* _Your task_
Please keep to the lines below from the one with "1545 Euclid Avenue, Unit" through the one with "Townhouse for rent", and restate them word for word, ends included.

* _Input for this task_
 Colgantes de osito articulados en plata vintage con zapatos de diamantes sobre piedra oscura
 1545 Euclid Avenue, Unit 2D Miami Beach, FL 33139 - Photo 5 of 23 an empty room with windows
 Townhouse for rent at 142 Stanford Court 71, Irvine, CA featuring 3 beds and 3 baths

...

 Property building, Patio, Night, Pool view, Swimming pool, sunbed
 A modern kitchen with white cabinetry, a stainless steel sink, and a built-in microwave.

* _Exercise answer_
 1545 Euclid Avenue, Unit 2D Miami Beach, FL 33139 - Photo 5 of 23 an empty room with windows
 Townhouse for rent at 142 Stanford Court 71, Irvine, CA featuring 3 beds and 3 baths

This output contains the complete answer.